I would like each line of the data that holds the word "Floral" copied out.

[Items from a dataset]
>>>
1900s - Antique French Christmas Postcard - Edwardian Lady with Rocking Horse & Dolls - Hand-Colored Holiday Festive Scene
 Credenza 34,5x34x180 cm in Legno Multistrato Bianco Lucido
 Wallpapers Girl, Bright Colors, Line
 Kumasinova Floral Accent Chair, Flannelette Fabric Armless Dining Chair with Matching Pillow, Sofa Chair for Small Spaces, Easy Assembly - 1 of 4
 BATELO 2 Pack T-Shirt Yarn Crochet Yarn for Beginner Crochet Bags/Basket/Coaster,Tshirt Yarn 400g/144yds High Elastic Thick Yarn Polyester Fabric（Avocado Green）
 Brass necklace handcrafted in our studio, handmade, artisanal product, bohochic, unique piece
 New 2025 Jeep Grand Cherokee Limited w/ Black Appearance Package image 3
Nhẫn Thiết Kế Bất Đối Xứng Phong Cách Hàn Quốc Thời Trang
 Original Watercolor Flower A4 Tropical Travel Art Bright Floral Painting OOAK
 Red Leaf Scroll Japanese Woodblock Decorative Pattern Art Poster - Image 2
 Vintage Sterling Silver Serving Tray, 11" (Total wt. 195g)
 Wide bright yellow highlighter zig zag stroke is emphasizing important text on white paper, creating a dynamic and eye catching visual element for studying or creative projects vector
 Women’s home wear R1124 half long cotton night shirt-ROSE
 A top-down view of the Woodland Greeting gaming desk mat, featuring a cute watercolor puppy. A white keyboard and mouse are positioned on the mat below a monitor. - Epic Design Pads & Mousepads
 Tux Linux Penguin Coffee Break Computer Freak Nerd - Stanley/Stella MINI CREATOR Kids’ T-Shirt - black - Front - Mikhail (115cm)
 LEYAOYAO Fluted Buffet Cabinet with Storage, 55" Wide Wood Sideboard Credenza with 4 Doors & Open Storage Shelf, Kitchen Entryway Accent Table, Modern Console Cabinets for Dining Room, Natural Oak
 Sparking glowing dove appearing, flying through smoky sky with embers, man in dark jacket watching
<<<
RESULT OF THE TASK:
 Kumasinova Floral Accent Chair, Flannelette Fabric Armless Dining Chair with Matching Pillow, Sofa Chair for Small Spaces, Easy Assembly - 1 of 4
 Original Watercolor Flower A4 Tropical Travel Art Bright Floral Painting OOAK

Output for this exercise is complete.